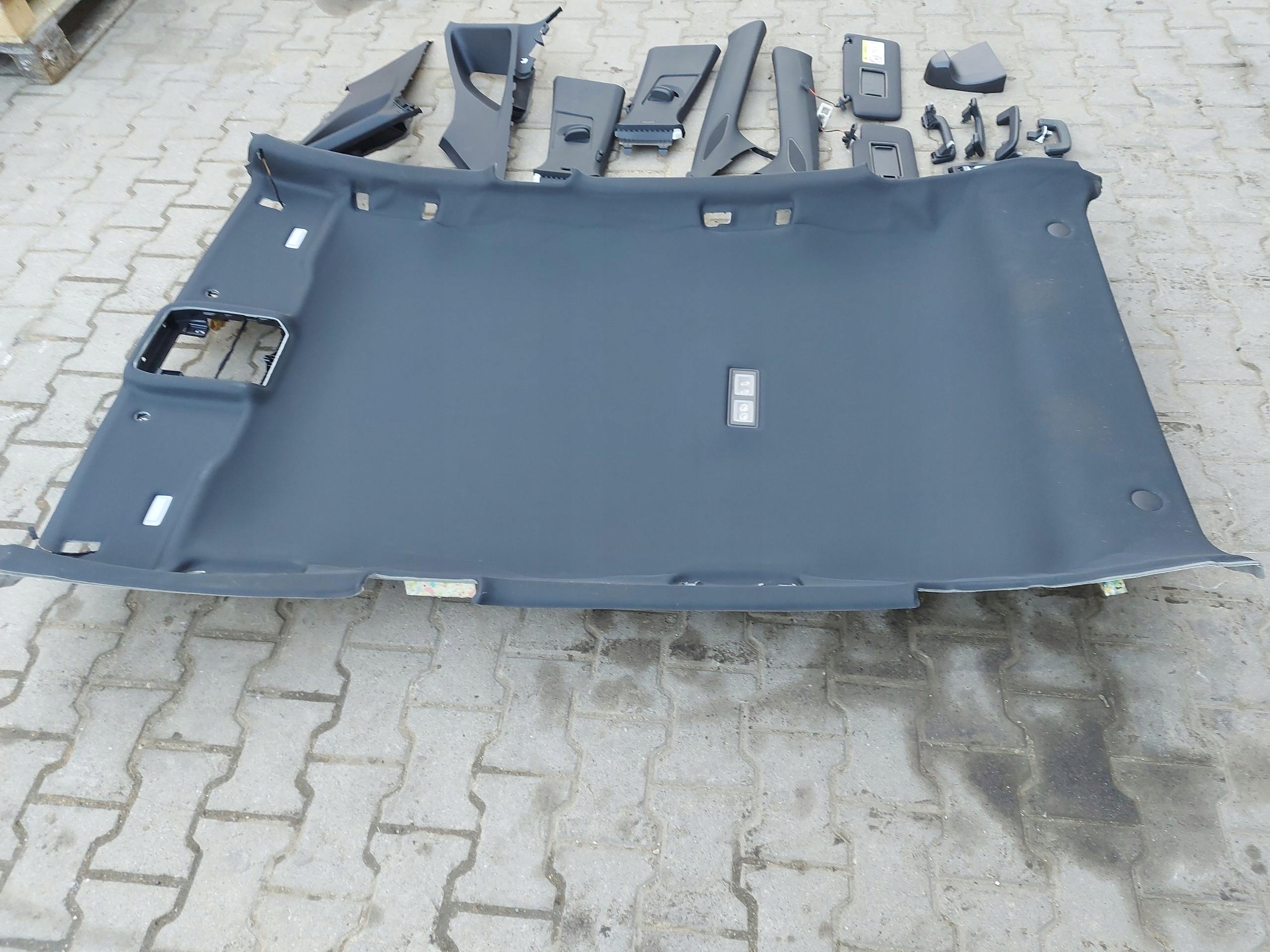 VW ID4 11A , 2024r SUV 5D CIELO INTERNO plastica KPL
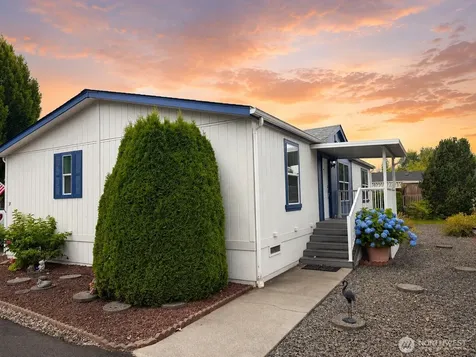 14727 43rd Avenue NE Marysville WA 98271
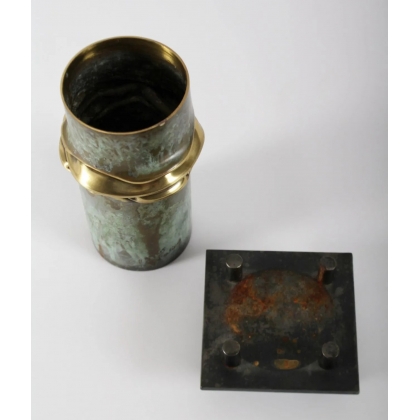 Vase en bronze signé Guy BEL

* Brief:
Which lines run from the one containing "14727 43rd Avenue NE Marysville WA 98271" to the end of the data above? Set down those lines exactly, and only those, without any pictures.

* Result for this task:
 14727 43rd Avenue NE Marysville WA 98271
 Vase en bronze signé Guy BEL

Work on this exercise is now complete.